Market Data + Trends

Here’s Why the Fed Is Targeting the Housing Market to Control Inflation

The Federal Reserve has singled out the housing market as the No.1 driver of inflation, but its aggressive rate hikes could send the economy headfirst into another recession

July 28, 2022
Dollar bill with Federal Reserve stamp on top of newspaper with inflation headline
Image: Stock.adobe.com

In its race to fight inflation, the Federal Reserve has made the real estate market its No. 1 target by raising its short-term interest rates to make the cost of buying a home even more expensive. While that may seem like a contradictory way to create more affordability, the Fed's approach already seems to be working, says Realtor.com. 
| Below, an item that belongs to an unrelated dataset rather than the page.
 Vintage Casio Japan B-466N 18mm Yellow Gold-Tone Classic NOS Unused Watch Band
As borrowing costs jump to new highs, demand falls and prices stabilize, a scenario currently playing out in the housing market as buyers contending with elevated mortgage rates pull back from home purchases. After raising rates by another 0.75 basis points on Wednesday, the Fed’s aggressive inflation control methods have market economists worried that another big rate hike could increase the likelihood of a recession in the near future.
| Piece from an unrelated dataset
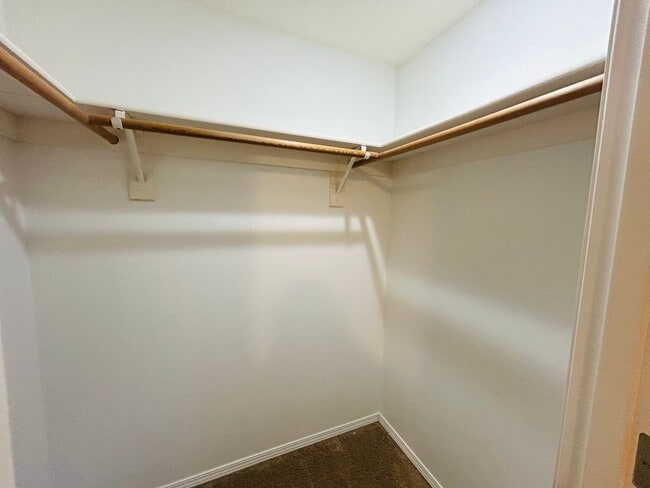 Building Photo - Adorable SW Portland Home Now Available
The big question is whether the Fed will continue to raise rates—increasing the likelihood of another recession.

“My guess is they’ll have to raise rates one or two more times,” says economics professor Lawrence J. White, of New York University.

Critics have accused the Fed of allowing inflation to get out of hand before taking steps to get it under control.

“They were too lenient for too long,” says White. “They took too long to realize that inflation was a problem. They don’t want to be caught on the other side, prematurely easing up and causing inflation to rekindle.”